QUOTAZIONE FATTA IN CASA

E così, nella nottata, China Telecom, il cui azionista forte è Gic Private Limited, ex Government of Singapore Investment Corporation, fondo sovrano d’investimento fondato dal governo di Singapore nel 1981, ha annunciato la presentazione della richiesta per essere quotata alla Borsa di Shanghai, a due mesi dalla sospensione, due mesi fa, presso la borsa di New York. La compagnia telefonica, che ha come piazza di quotazione principale Hong Kong, ha chiarito che venderà azioni per un valore nominale fino a 13,91 miliardi di yuan (2,1 miliardi di dollari) a Shanghai.

Un annuncio arrivato nelle stesse ore in cui il numero uno della compagnia, Ke Ruiwen annunciava i risultati annuali della compagnia, che nel 2020 ha registrato un profitto netto di 20,85 miliardi di yuan (3,2 miliardi di dollari), con un incremento dell’1,6 per cento rispetto al 2019, a fronte di entrate pari a 393,56 miliardi di yuan (60,3 miliardi di euro), con un incremento del 4,7% su base annua.

I NO DI WALL STREET

A monte dell’operazione di China Telecom alla Borsa di Shanghai c’è però il gran rifiuto americano di quotare a Wall Street la compagnia cinese. A metà 2020, infatti, attraverso la sua controllante China Telecommunications Corporation, la società era stata indicata dal Dipartimento alla Difesa Usa come una delle 44 compagnie cinesi sotto il controllo dell’esercito e per questo, in base a un ordine esecutivo firmato dall’allora presidente Donald Trump, erano state avviate le pratiche per la sua estromissione dalla piazza di New York dove era quotata, mediante delisting, insieme ad atri due big delle telecomunicazioni cinesi: China Mobile Communications e China Unicom, con base a Hong Kong.

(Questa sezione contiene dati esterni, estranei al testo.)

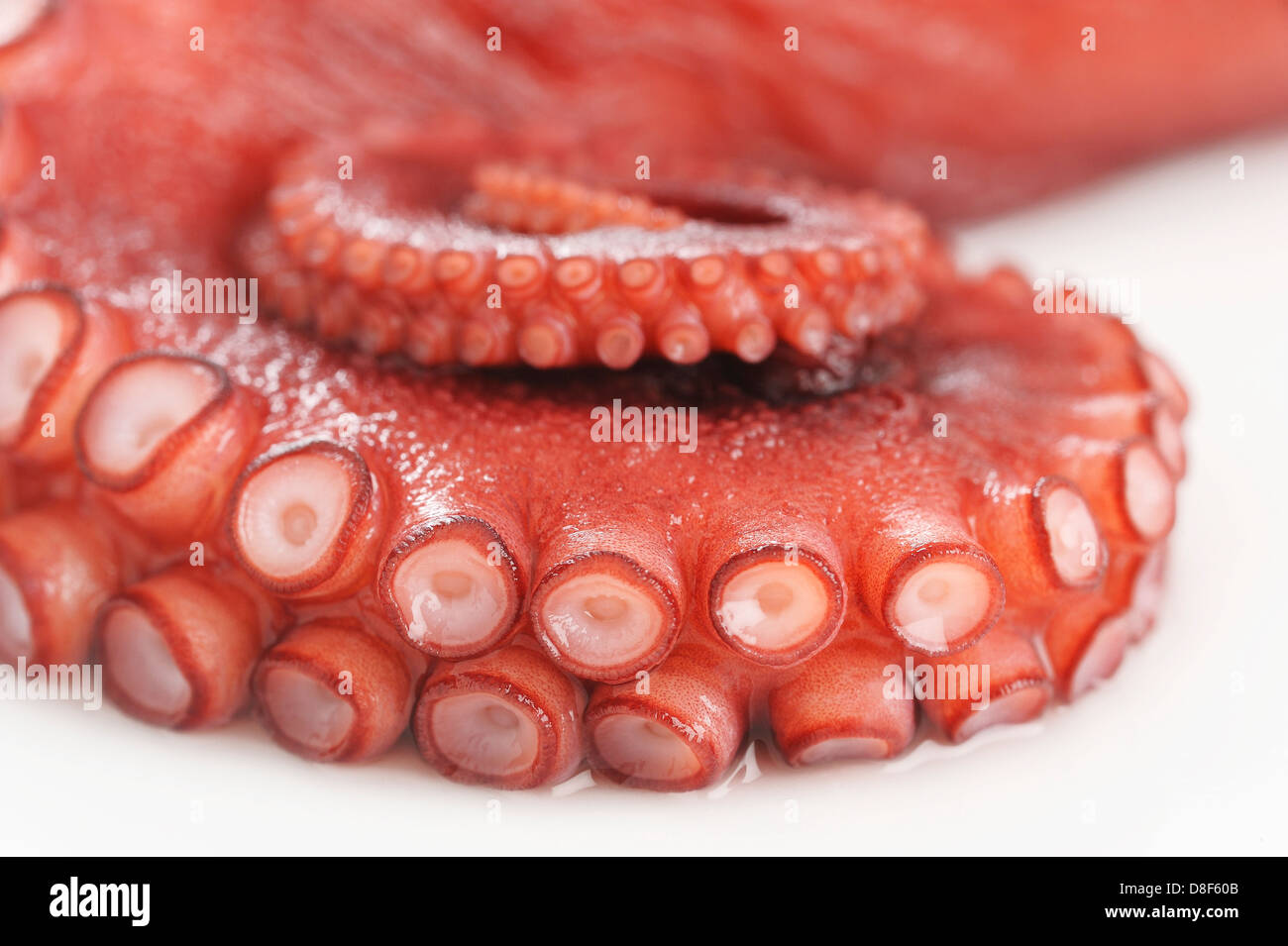 octopus - tentacle Stock Photo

Ma non tutto è filato liscio. Ai primi di gennaio del 2021, infatti, il New York Stock Exchange aveva annunciato l’esecuzione dell’ordine esecutivo di Trump (ancora in carica per pochi giorni), salvo poi cambiare idea tre giorni dopo, fermando sul filo di lana la cancellazione dal listino di tre tre operatori telefonici statali cinesi, prevista per l’11 gennaio. Ma non era ancora finita.

Perché da lì a pochi giorni sarebbe arrivata la nuova retromarcia di Wall Street, con la decisione finale del Nyse di procedere al delisting di tre big cinesi delle telecomunicazioni. Decisione arrivata dopo le critiche dell’allora segretario al Tesoro Usa, Steven Mnuchin, che si era detto in disaccordo con la scelta del Nyse annunciata nelle ultime ore di non procedere con il delisting, lasciando i tre big cinesi quotati. Salutata Walla Street, la telefonia cinese ha virato su Shanghai.